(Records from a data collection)

★ ★ ★ ★ ★

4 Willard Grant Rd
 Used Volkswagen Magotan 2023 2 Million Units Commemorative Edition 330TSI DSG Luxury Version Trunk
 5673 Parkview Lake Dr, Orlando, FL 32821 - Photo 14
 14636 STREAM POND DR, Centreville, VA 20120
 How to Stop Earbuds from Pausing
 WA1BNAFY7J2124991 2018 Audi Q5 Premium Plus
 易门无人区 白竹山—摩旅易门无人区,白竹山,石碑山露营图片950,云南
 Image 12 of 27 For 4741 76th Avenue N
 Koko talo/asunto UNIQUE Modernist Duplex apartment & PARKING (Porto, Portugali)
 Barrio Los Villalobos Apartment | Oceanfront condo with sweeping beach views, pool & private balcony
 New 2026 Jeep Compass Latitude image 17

★ ★ ★ ★ ★

### What to produce
Only the lines from the one containing "How to Stop Earbuds from Pausing" through the final line of the records above should be printed, exactly as they stand.

### Answer space
 How to Stop Earbuds from Pausing
 WA1BNAFY7J2124991 2018 Audi Q5 Premium Plus
 易门无人区 白竹山—摩旅易门无人区,白竹山,石碑山露营图片950,云南
 Image 12 of 27 For 4741 76th Avenue N
 Koko talo/asunto UNIQUE Modernist Duplex apartment & PARKING (Porto, Portugali)
 Barrio Los Villalobos Apartment | Oceanfront condo with sweeping beach views, pool & private balcony
 New 2026 Jeep Compass Latitude image 17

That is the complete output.